New rules for debt collectors could mean increased protections for consumers, but why are consumer advocacy groups and debt collection agencies both unhappy about the new proposed regulations?
Last month the Consumer Financial Protection Bureau (CFPB), a federal agency created to help ensure that financial institutions such as banks, credit card companies, and debt collectors did not abuse or harass consumers, issued a Notice of Proposed Rule-making (NPRM) to implement the Fair Debt Collection Practices Act (FDCPA). Just to review, the FDCPA was enacted in 1977; before personal computers, cell phones, e-mail, text messaging, and social media. So while it still provides some basic protections for consumers, it fails to take into account all the new technology that debt collectors can now use to harass and annoy people into paying a bill.

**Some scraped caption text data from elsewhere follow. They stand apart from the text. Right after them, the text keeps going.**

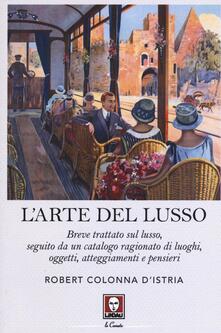 L arte del lusso. Breve trattato sul lusso, seguito da un catalogo ragionato di luoghi, oggetti, atteggiamenti e pensieri.pdf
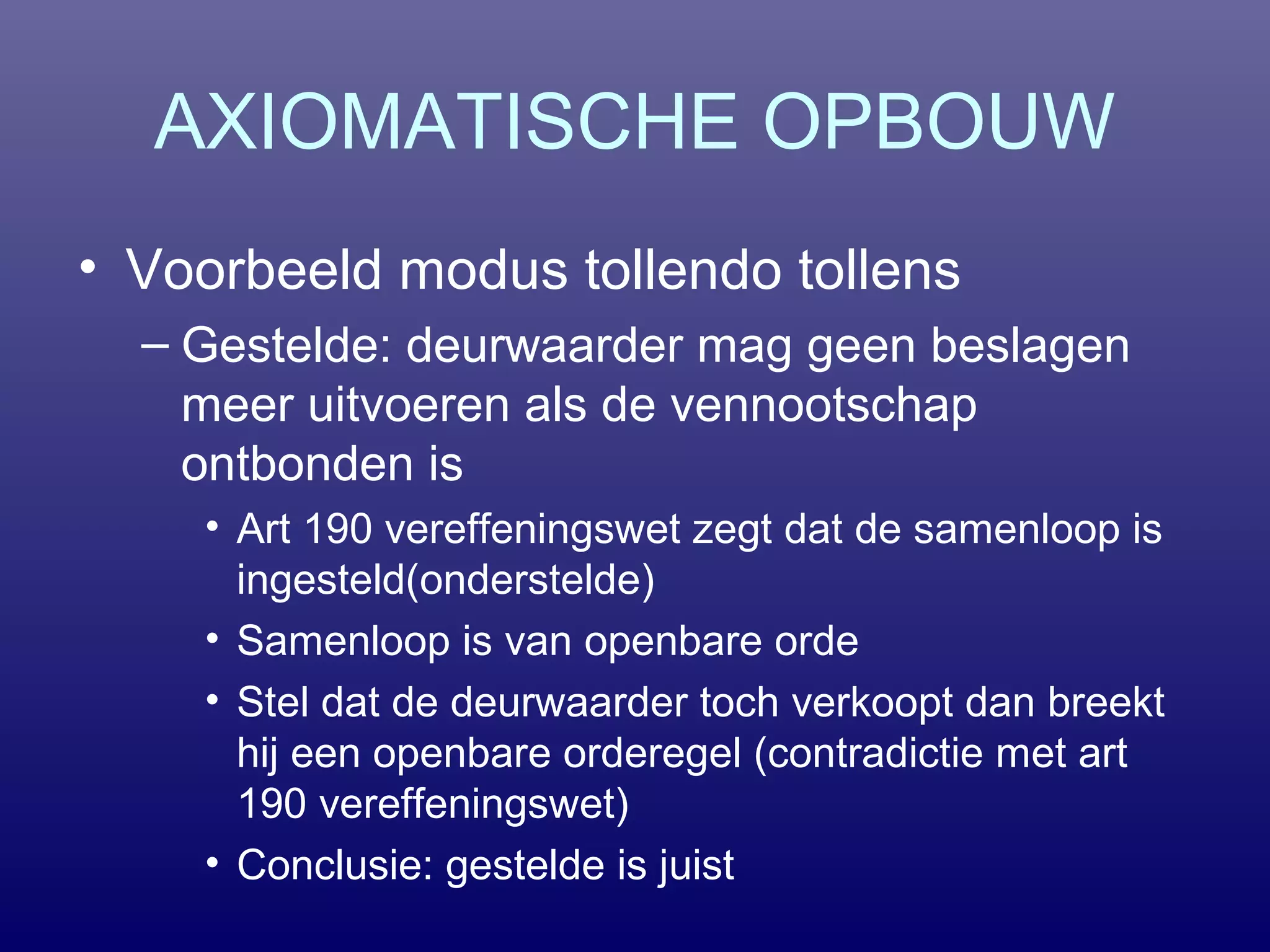 AXIOMATISCHE OPBOUW
• Voorbeeld modus tollendo tollens
– Gestelde: deurwaarder mag geen beslagen
meer uitvoeren als de vennootschap
ontbonden is
• Art 190 vereffeningswet zegt dat de samenloop is
ingesteld(onderstelde)
• Samenloop is van openbare orde
• Stel dat de deurwaarder toch verkoopt dan breekt
hij een openbare orderegel (contradictie met art
190 vereffeningswet)
• Conclusie: gestelde is juist
 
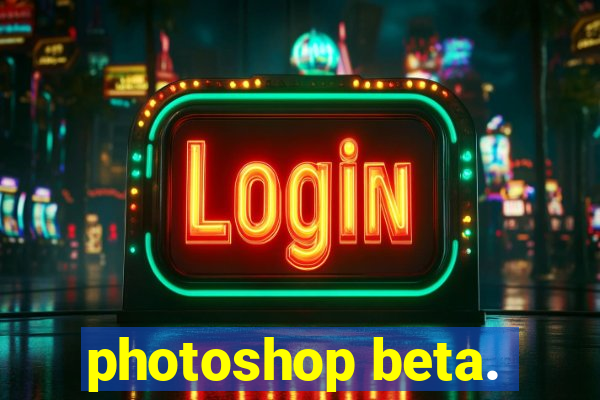 photoshop beta.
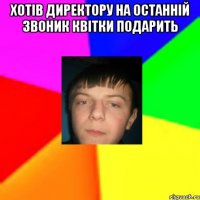 Хотів директору на останній звоник квітки подарить 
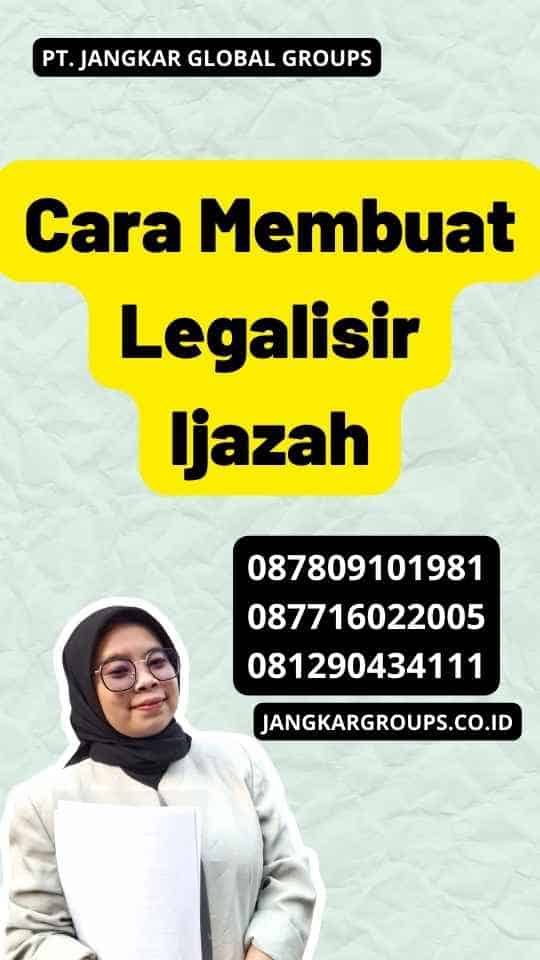 Cara Membuat Legalisir Ijazah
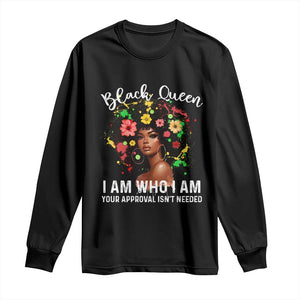 Proud African American Melanin Black Afro Girl Long Sleeve Shirt Black Queen I Am Who I Am Your Approval Isn't Needed TS11 Black Print Your Wear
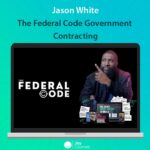 The Federal Code Government Contracting By Jason White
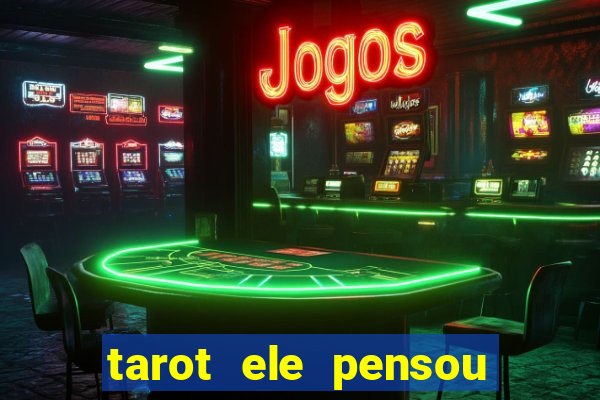 tarot ele pensou em mim hoje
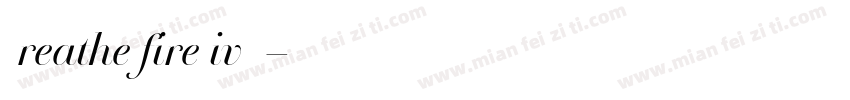 Breathe fire iv字体字体转换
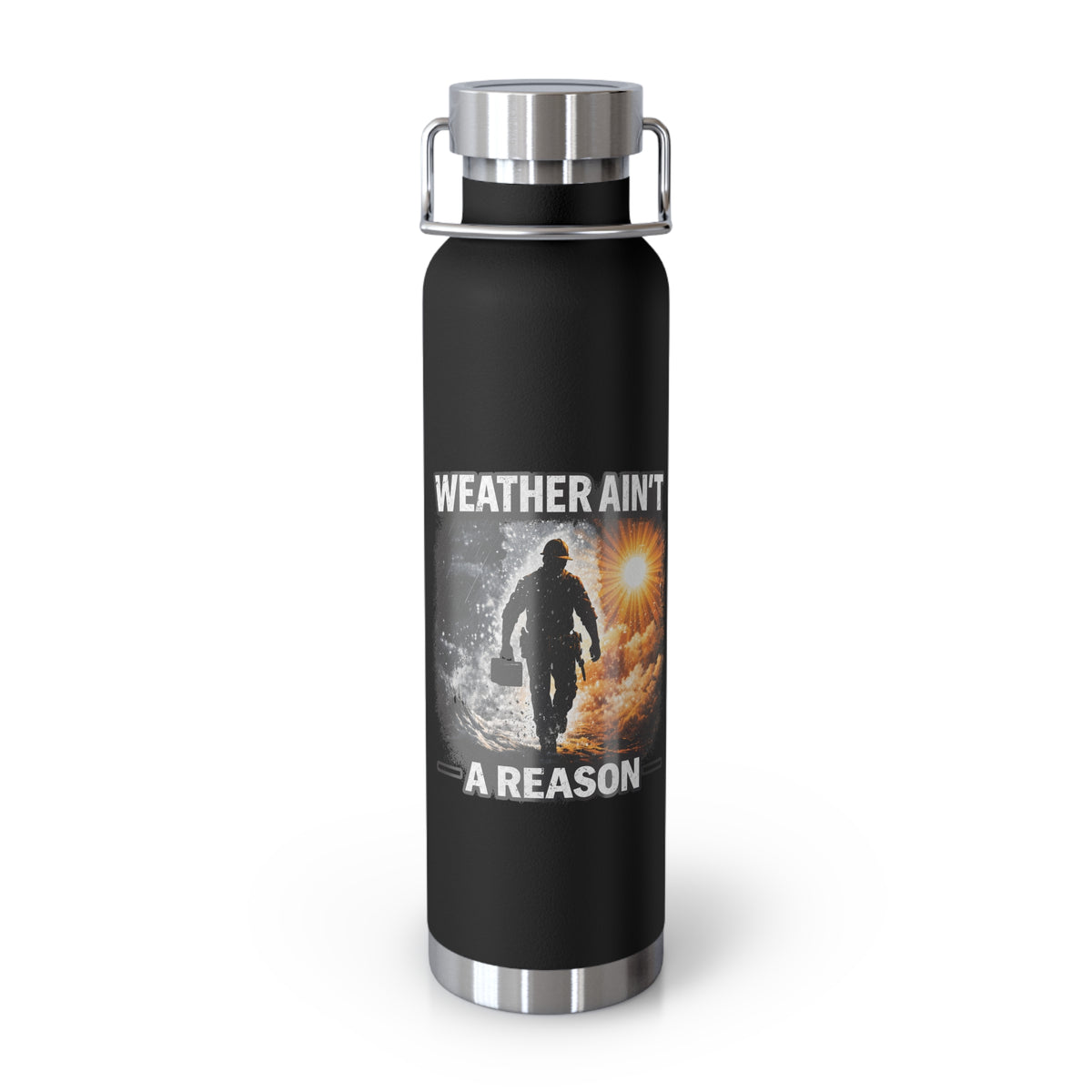 Insulated Water Bottle – "Weather Ain't A Reason" Adventure Stainless Steel 22oz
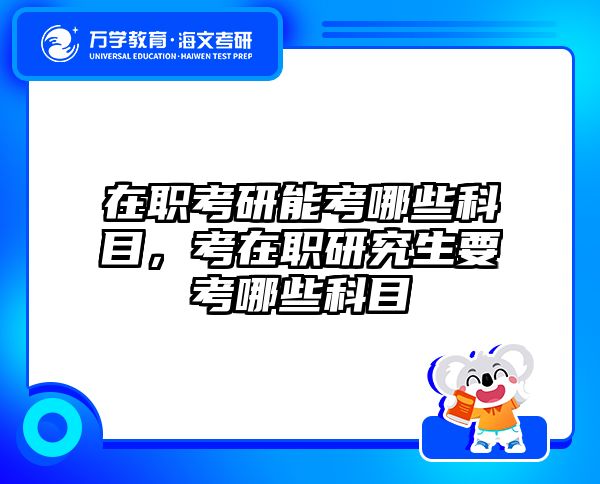 在职考研能考哪些科目，考在职研究生要考哪些科目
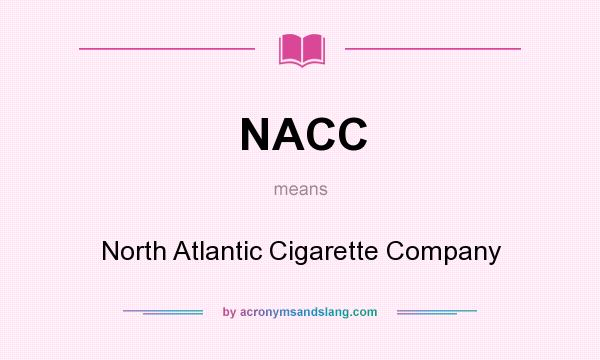 What does NACC mean? It stands for North Atlantic Cigarette Company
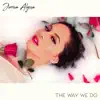 The Way We Do - Single album lyrics, reviews, download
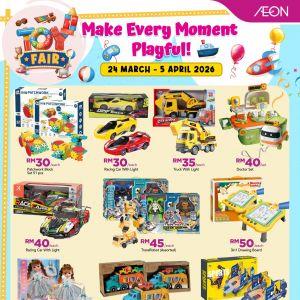 AEON Promotion: Toy Fair - Make Every Moment Playful! | 24 March - 5 April 2026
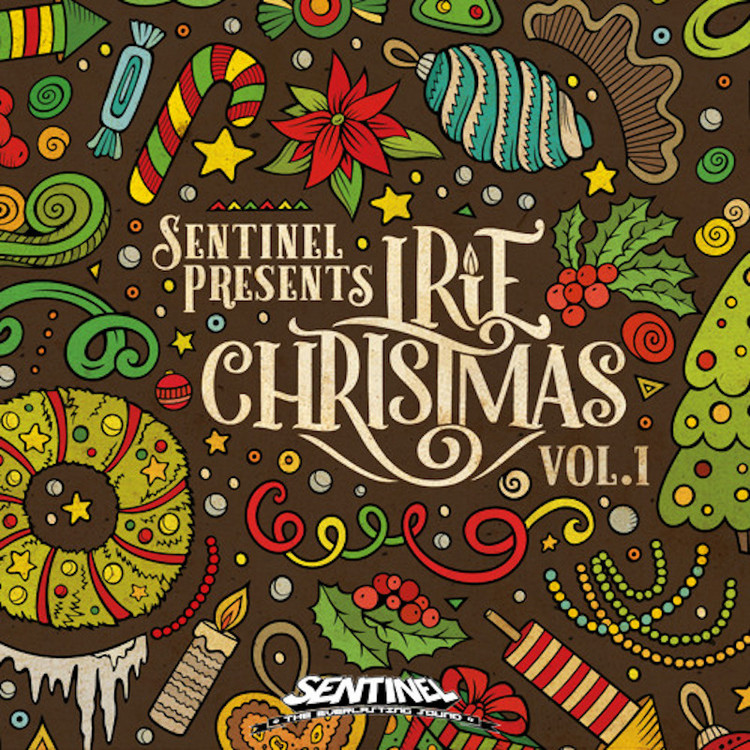 Sentinel Sound - Irie Christmas Vol. 1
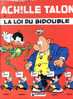 Achille Talon Et La Loi Du Bidouble -Greg- Ed. Dargaud, EO 1981 - Andere & Zonder Classificatie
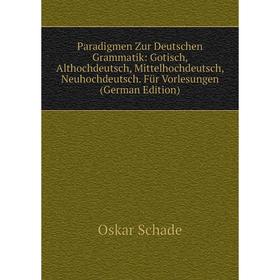 

Книга Paradigmen Zur Deutschen Grammatik: Gotisch, Althochdeutsch, Mittelhochdeutsch, Neuhochdeutsch Für Vorlesungen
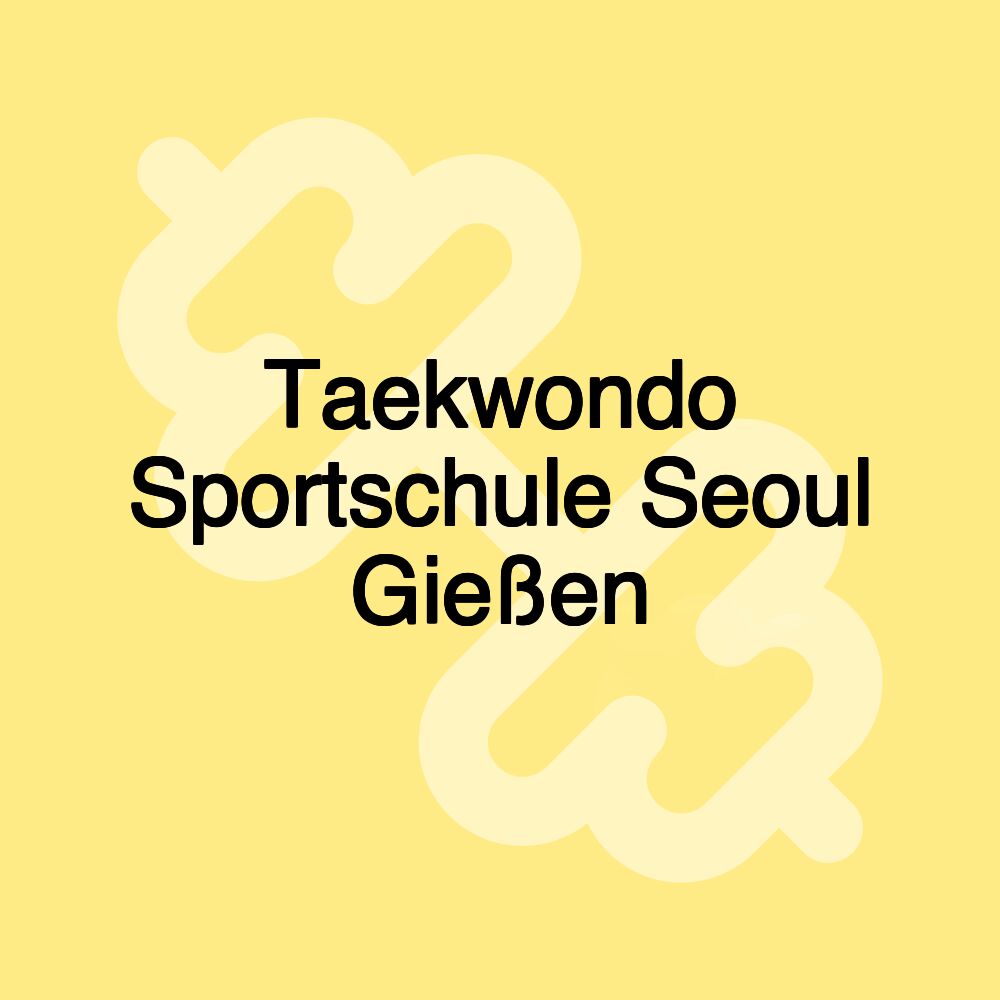 Taekwondo Sportschule Seoul Gießen Taekwondo Sportschule Seoul Gießen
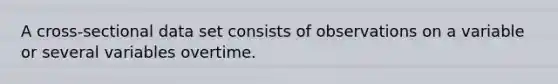 A cross-sectional data set consists of observations on a variable or several variables overtime.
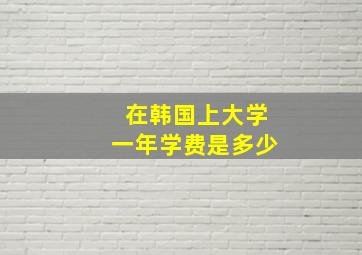 在韩国上大学一年学费是多少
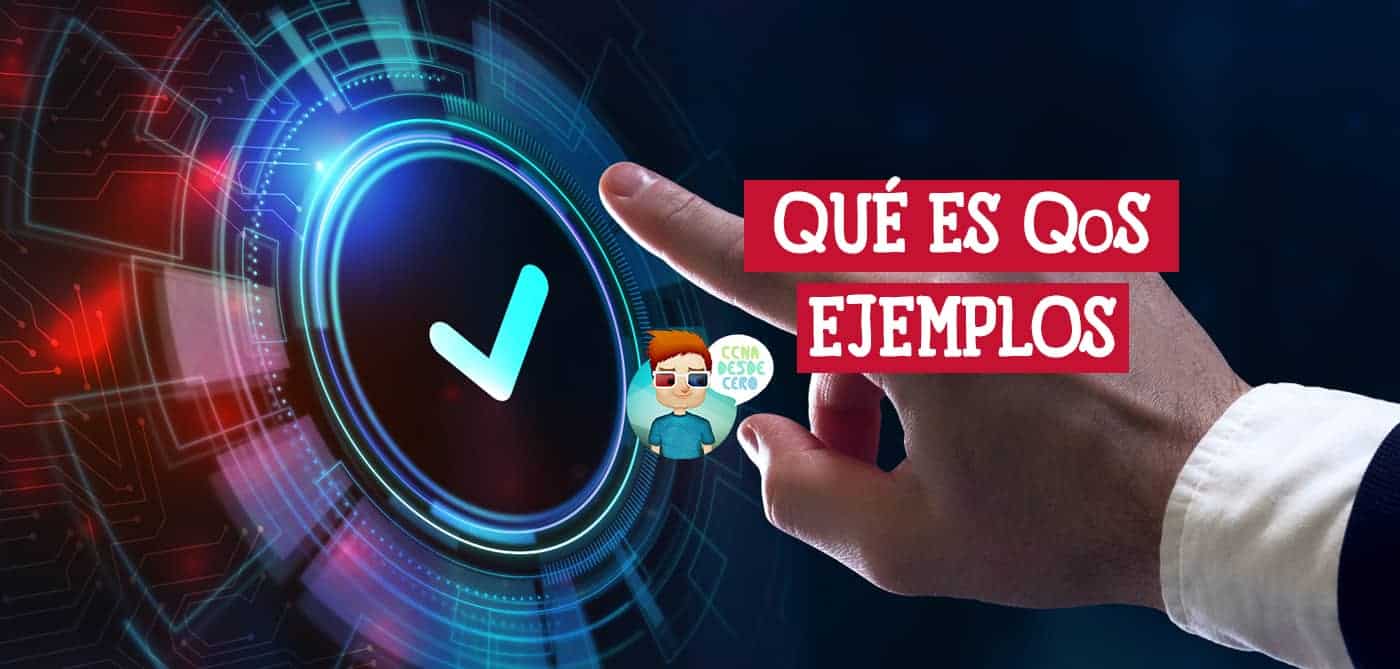 Qué es QoS y Cómo Usar QoS con Ejemplos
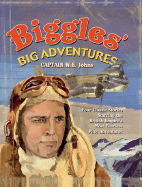 Biggles' Big Adventures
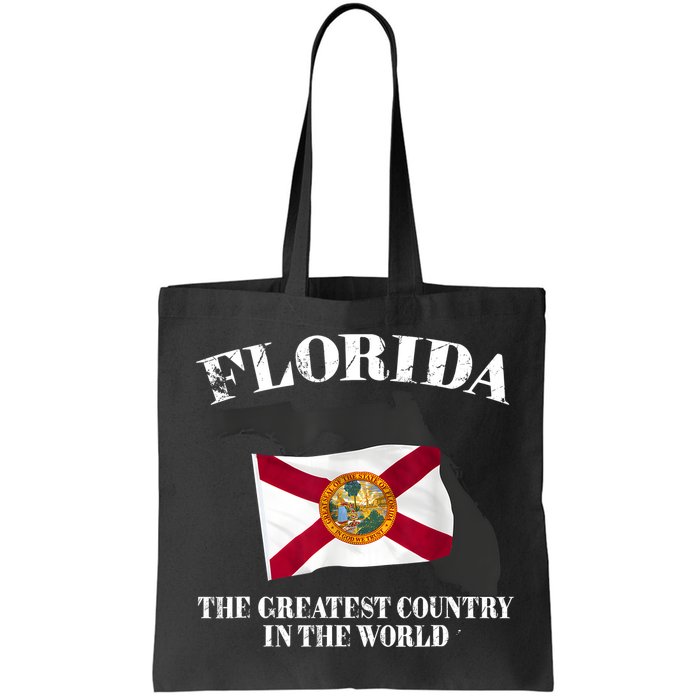 Florida The Greatest Country In The World Bag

Harassing Cell Phone Calls
Under the current FDCPA, a debt collector is prohibited from allowing a consumers telephone to ring continuously in order to annoy them. However, what does this actually mean? The Act provides no clear language about how many times the phone can ring or how often a debt collector can call. When the FDCPA was enacted a debt collector might have placed a phone call to a person's home telephone during business hours (when they were likely at work or busy caring for the children) and left a message on the answering machine. This might not have been considered annoying. But today, with nearly 70% of the population carrying cell phones, calls during business hours, while people are busy with work and family, can be quite annoying.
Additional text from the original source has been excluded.